Etes-vous officiellement candidat au poste de premier secrétaire du Parti socialiste ?

Nous n’en sommes pas encore à ce stade… La phase de congrès se poursuit. Nous n’avons pas de synthèse, et il faut y travailler. Martine Aubry a souligné que le débat avançait, qu’il était positif. Pour autant, elle n’a pas encore dit ce qu’elle souhaitait faire. Donc le premier principe, c’est le respect des règles, des instances, des rythmes et des militants.

Mais quels seraient vos atouts ?

Cette fois il ne s’agit pas d’avoir un premier secrétaire, potentiel candidat à la présidentielle. Ce sera donc un rôle nécessairement transitoire.

Comment le parti peut-il être une forme d’appui pour le gouvernement et non un simple écho des décisions de l’exécutif ?

Avec Martine Aubry, on a eu le retour de l’unité, la rénovation et les valeurs. C’est ce qu’il faut continuer, en sachant que la victoire de François Hollande ouvre un nouveau cycle politique. A nouvelle donne, nouveau brassage !

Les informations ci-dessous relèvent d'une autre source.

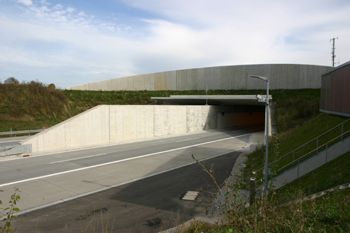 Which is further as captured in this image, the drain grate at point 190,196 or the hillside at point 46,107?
the hillside at point 46,107

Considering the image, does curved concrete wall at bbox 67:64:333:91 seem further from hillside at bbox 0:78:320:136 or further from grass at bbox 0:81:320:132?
hillside at bbox 0:78:320:136

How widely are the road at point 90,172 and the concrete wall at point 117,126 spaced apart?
1.46 metres

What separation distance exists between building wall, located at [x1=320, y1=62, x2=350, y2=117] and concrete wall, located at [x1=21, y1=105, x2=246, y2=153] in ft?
53.7

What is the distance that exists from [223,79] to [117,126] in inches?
1084

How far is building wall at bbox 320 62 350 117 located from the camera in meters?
13.2

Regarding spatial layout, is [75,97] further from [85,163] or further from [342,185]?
[342,185]

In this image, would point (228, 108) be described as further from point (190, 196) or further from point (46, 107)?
point (190, 196)

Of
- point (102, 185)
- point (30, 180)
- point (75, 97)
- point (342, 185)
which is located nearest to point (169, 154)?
point (102, 185)

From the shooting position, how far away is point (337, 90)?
47.9 feet

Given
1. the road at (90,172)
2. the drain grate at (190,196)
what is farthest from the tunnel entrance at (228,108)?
the drain grate at (190,196)

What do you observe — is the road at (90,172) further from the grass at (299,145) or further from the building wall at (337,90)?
the building wall at (337,90)

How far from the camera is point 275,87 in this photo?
41.9 meters

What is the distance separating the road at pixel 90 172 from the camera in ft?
31.7

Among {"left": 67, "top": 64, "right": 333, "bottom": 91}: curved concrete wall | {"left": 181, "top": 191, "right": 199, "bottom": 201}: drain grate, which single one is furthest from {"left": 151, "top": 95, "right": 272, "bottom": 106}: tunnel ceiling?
{"left": 181, "top": 191, "right": 199, "bottom": 201}: drain grate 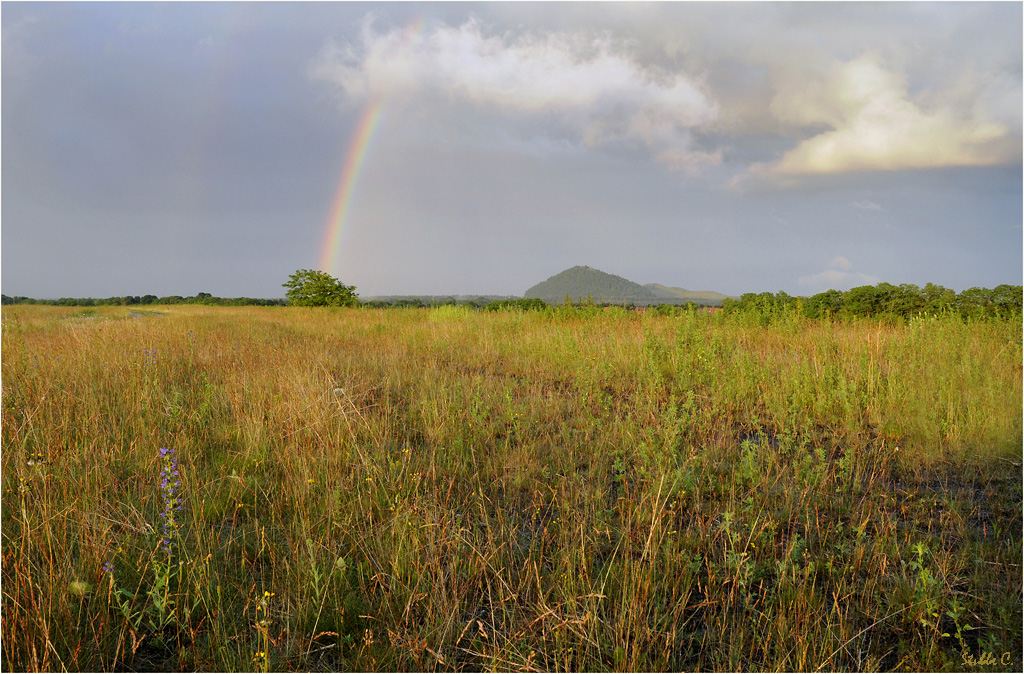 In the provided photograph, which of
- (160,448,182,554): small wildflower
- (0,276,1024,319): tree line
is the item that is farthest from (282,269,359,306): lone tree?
(160,448,182,554): small wildflower

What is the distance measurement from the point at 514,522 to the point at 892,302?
1065cm

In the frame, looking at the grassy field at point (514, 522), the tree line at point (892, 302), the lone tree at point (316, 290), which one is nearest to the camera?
the grassy field at point (514, 522)

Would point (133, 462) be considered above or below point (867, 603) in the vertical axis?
above

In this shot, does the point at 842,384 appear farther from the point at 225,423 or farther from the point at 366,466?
the point at 225,423

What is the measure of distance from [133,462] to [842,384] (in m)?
5.49

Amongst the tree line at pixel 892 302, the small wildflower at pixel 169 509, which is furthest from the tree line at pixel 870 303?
the small wildflower at pixel 169 509

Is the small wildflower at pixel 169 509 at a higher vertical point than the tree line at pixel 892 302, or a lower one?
lower

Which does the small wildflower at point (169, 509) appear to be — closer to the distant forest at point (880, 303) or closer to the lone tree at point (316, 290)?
the distant forest at point (880, 303)

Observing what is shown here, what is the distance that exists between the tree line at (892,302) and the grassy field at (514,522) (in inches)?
162

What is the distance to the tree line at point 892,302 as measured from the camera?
26.8 ft

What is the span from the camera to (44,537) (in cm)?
222

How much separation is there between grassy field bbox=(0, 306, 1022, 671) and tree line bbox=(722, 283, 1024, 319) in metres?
4.12

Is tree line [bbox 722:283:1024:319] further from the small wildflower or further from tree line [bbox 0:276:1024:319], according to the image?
the small wildflower

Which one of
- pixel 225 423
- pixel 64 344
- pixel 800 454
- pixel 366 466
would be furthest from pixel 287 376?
pixel 800 454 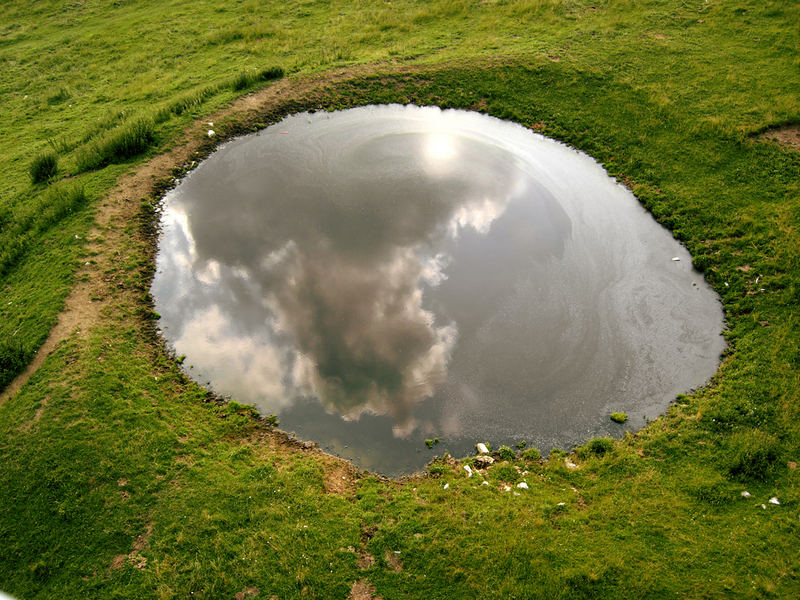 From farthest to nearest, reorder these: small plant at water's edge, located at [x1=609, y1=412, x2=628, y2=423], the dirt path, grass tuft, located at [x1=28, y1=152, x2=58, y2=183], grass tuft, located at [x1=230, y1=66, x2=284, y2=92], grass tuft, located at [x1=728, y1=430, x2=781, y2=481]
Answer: grass tuft, located at [x1=230, y1=66, x2=284, y2=92] < grass tuft, located at [x1=28, y1=152, x2=58, y2=183] < the dirt path < small plant at water's edge, located at [x1=609, y1=412, x2=628, y2=423] < grass tuft, located at [x1=728, y1=430, x2=781, y2=481]

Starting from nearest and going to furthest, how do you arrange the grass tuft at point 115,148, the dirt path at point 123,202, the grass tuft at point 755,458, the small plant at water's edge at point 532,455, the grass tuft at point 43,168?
1. the grass tuft at point 755,458
2. the small plant at water's edge at point 532,455
3. the dirt path at point 123,202
4. the grass tuft at point 43,168
5. the grass tuft at point 115,148

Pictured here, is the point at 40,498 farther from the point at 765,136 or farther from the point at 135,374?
the point at 765,136

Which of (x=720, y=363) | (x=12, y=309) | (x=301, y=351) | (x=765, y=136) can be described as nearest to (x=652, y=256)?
(x=720, y=363)

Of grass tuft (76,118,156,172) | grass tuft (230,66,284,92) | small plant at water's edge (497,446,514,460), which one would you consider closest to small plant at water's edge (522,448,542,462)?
small plant at water's edge (497,446,514,460)

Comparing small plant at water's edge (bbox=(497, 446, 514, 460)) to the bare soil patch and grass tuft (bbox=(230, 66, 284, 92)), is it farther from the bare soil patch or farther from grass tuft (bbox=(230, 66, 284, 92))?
grass tuft (bbox=(230, 66, 284, 92))

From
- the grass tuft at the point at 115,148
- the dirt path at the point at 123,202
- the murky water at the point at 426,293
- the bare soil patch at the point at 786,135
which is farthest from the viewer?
the grass tuft at the point at 115,148

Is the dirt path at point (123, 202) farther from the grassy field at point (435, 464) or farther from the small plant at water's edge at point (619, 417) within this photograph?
the small plant at water's edge at point (619, 417)

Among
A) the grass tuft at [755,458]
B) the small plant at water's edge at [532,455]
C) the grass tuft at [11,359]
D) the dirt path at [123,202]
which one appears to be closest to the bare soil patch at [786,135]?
the grass tuft at [755,458] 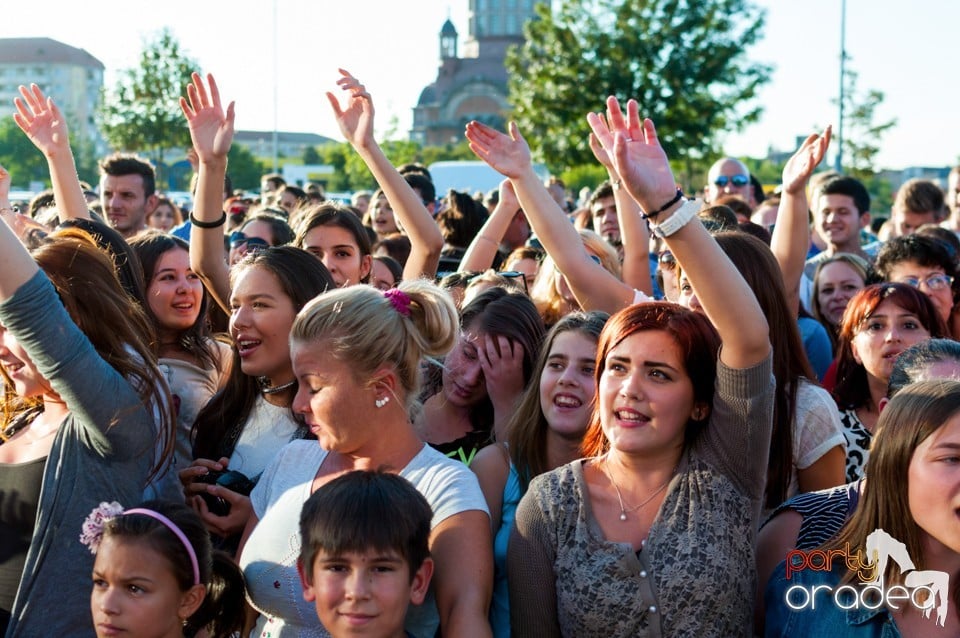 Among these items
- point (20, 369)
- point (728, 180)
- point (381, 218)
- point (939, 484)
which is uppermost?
point (728, 180)

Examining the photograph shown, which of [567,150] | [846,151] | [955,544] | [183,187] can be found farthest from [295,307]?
[183,187]

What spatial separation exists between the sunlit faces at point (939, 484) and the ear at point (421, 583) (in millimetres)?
1214

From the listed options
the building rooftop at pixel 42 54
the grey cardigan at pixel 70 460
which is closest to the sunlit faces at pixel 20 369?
the grey cardigan at pixel 70 460

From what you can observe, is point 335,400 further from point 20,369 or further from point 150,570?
point 20,369

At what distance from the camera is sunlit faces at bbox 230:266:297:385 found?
3.78 m

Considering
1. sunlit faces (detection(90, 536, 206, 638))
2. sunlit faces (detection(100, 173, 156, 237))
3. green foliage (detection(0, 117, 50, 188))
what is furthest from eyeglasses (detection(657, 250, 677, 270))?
green foliage (detection(0, 117, 50, 188))

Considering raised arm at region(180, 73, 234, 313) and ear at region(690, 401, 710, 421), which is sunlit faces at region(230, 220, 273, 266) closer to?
raised arm at region(180, 73, 234, 313)

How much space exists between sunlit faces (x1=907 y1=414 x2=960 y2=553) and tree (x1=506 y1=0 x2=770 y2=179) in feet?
77.2

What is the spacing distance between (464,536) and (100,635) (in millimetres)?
1014

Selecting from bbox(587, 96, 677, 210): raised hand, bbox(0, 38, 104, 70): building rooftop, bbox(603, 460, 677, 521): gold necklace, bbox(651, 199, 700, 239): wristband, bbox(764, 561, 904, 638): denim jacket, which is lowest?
bbox(764, 561, 904, 638): denim jacket

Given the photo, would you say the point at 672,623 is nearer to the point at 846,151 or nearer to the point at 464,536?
the point at 464,536

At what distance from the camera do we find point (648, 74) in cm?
2695

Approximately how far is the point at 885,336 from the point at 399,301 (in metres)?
2.17

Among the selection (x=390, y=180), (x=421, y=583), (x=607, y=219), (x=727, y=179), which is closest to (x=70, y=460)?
(x=421, y=583) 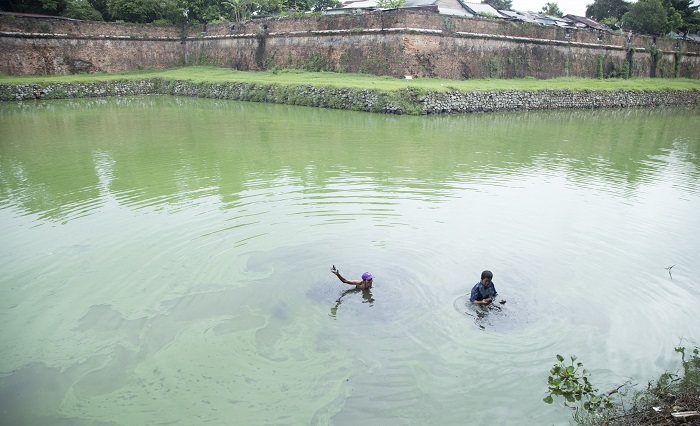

Le danger est surtout d’avoir un Parti socialiste qui s’endort sur ses lauriers…

L’architecture du changement, ce sont trois pôles : le Président, le gouvernement et un parti qui doit être intransigeant dans la défense de l’exécutif et insatiable dans sa volonté de justice.

Vous avez parlé de campagne de «boutons de veste», militant par militant, mais ce sont Martine Aubry et Jean-Marc Ayrault qui décideront de qui sera le futur premier secrétaire du parti, non ?

Ils le décideront dans un ensemble ! Ils trouveront celui qui est le mieux à même de faire vivre une collectivité dans le moment présent.

Les militants plébiscitent la rénovation, quels sont vos engagements dans ce domaine ?

On ne va pas arrêter ce qui a fait notre succès ! Le non-cumul me paraît essentiel. Le PS, qui a tout gagné, joue à guichets fermés ; si nous voulons nous renouveler, ça passe par le non-cumul, sinon nous risquons la sclérose. Dans une phase de conquête, il était parfois utile que des élus soient candidats à plusieurs élections. Mais aujourd’hui, où nous avons tout, il faut que le PS soit à la hauteur du partage du pouvoir.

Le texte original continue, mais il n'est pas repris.